(Records from a data collection)
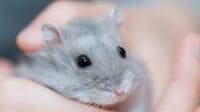 死んだハムスターの｢小さな傷｣が知らせた"犯人" 動物バラエティーやSNSでは見えてこない真実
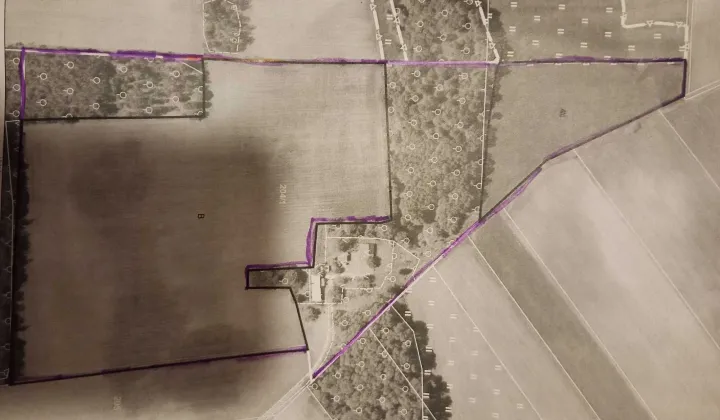 Działka rolna Żachy-Pawły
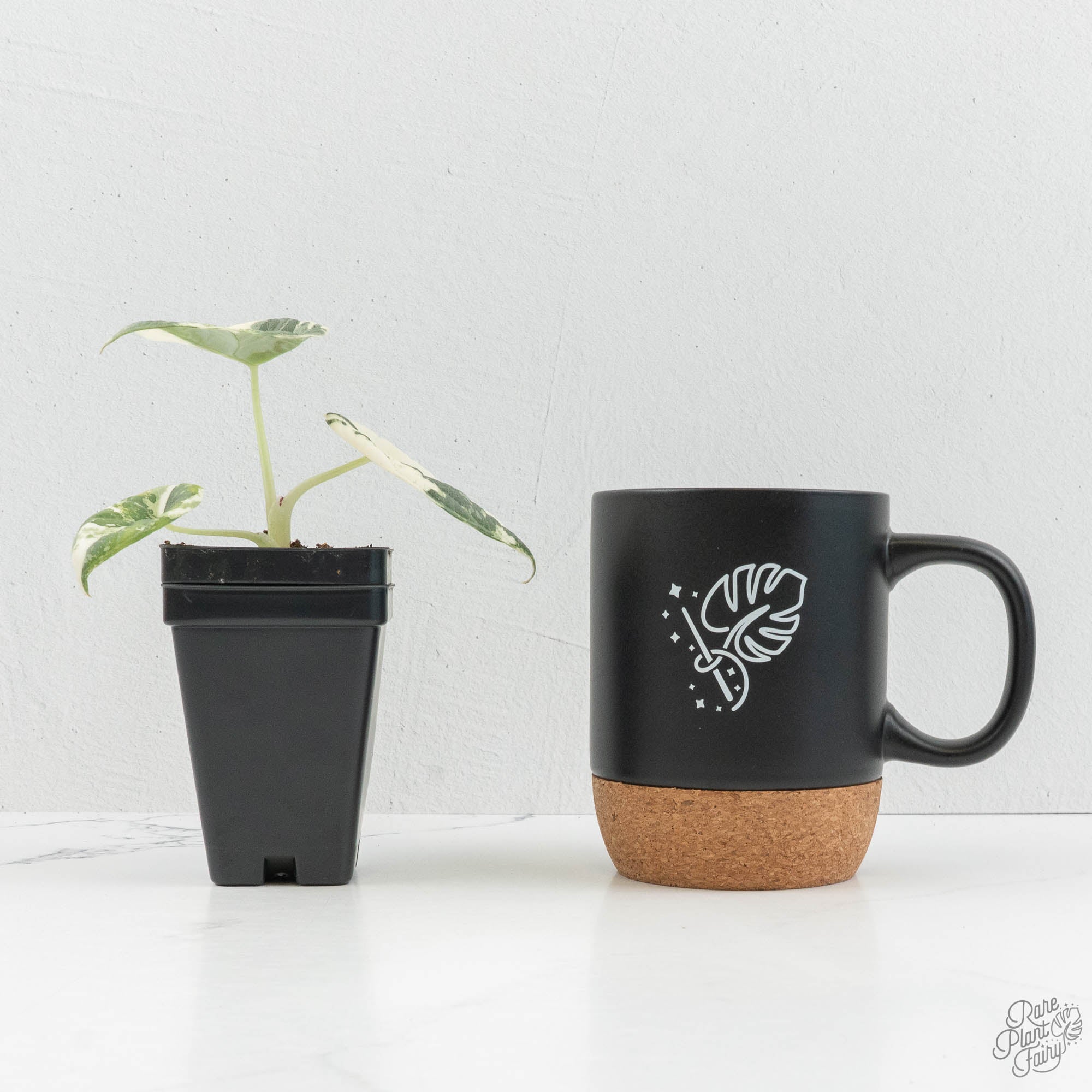Alocasia Maharani Albo Variegated (wk15-K) – Rare Plant Fairy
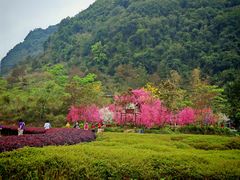 -靖西鹅泉风景区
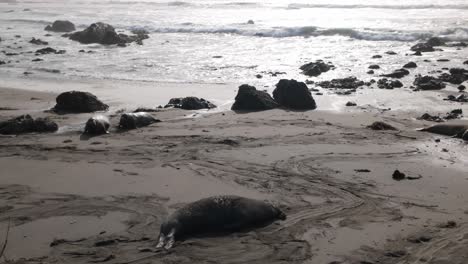 gimbal wide panning shot of elephant seals at the start of the breeding season on the shores of piedras blancas, california. 4k
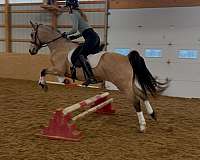 usef-dutch-warmblood-pony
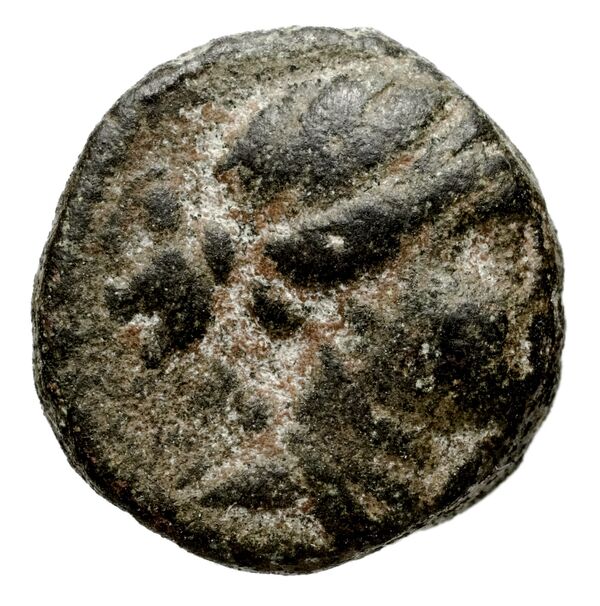 Seleucid Coins (part 1) 922, аверс, bnf-hrc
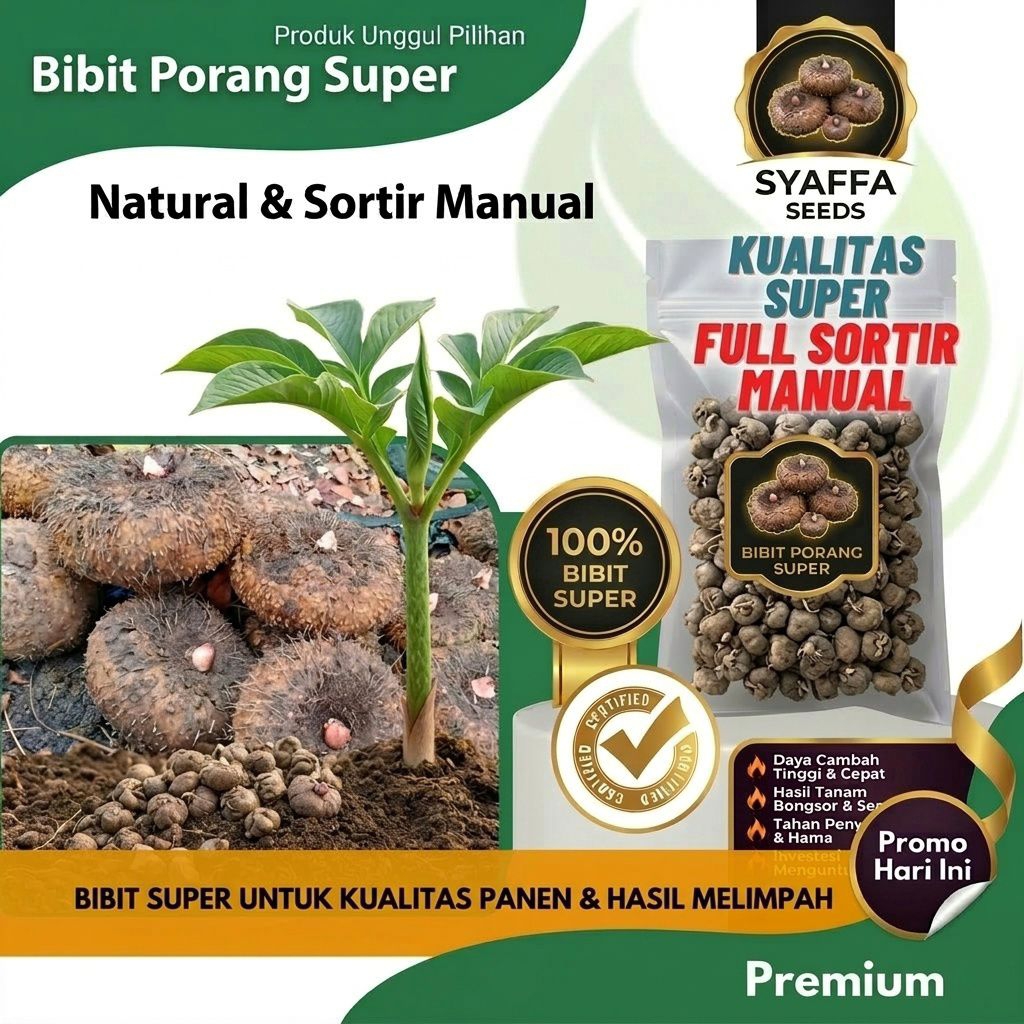 Jual Bibit Porang Super Katak & Umbi Original - Biji Porang Full Sortir Manual Kualitas Ekspor 100% 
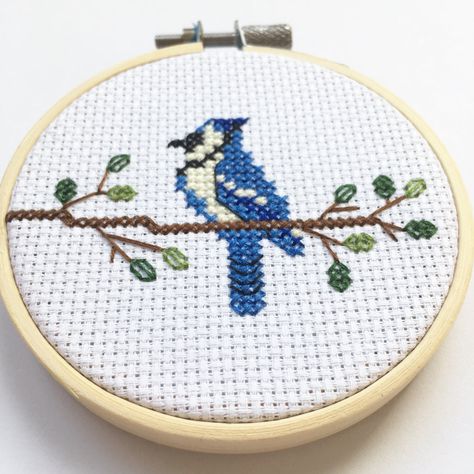 Birds Cross Stitch Pattern Free, Blue Jay Cross Stitch Pattern, Birds Cross Stitch Patterns, Cross Stitch Cardinal, Cross Stitch Simple, Cross Stitch Wall Art, Bird Cross Stitch Pattern, Colour Names, Bird Cross Stitch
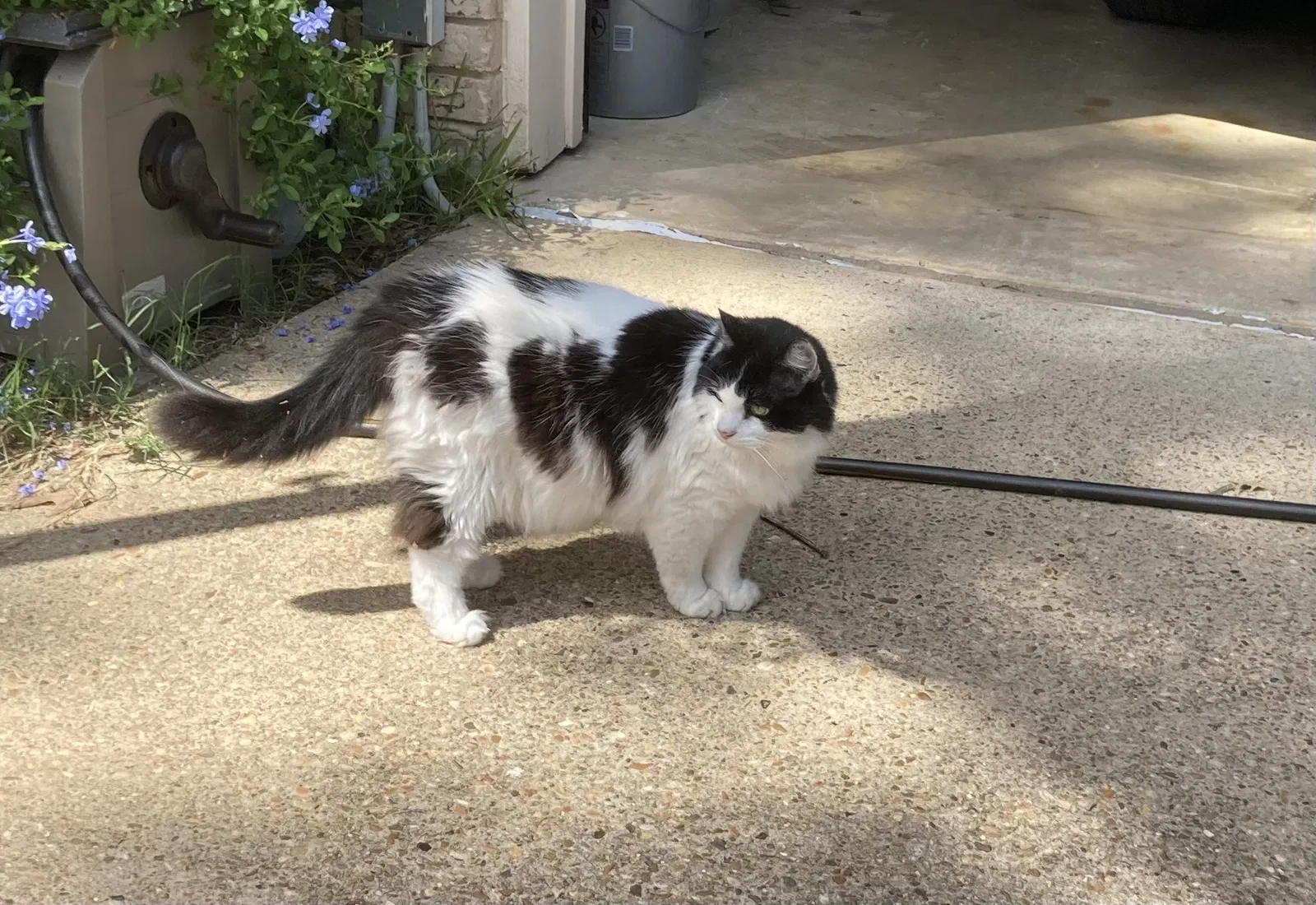 Lost cat in Mooringsport, LA, 71060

### Task to carry out
Pick up at the line containing "Alocasia Maharani Albo" and copy each line exactly until the data ends, including that last line; copy no pictures.

### The answer
Alocasia Maharani Albo Variegated (wk15-K) – Rare Plant Fairy
 -靖西鹅泉风景区
 gimbal wide panning shot of elephant seals at the start of the breeding season on the shores of piedras blancas, california. 4k
 usef-dutch-warmblood-pony
 Seleucid Coins (part 1) 922, аверс, bnf-hrc
 Jual Bibit Porang Super Katak & Umbi Original - Biji Porang Full Sortir Manual Kualitas Ekspor 100% 
 Birds Cross Stitch Pattern Free, Blue Jay Cross Stitch Pattern, Birds Cross Stitch Patterns, Cross Stitch Cardinal, Cross Stitch Simple, Cross Stitch Wall Art, Bird Cross Stitch Pattern, Colour Names, Bird Cross Stitch
 Lost cat in Mooringsport, LA, 71060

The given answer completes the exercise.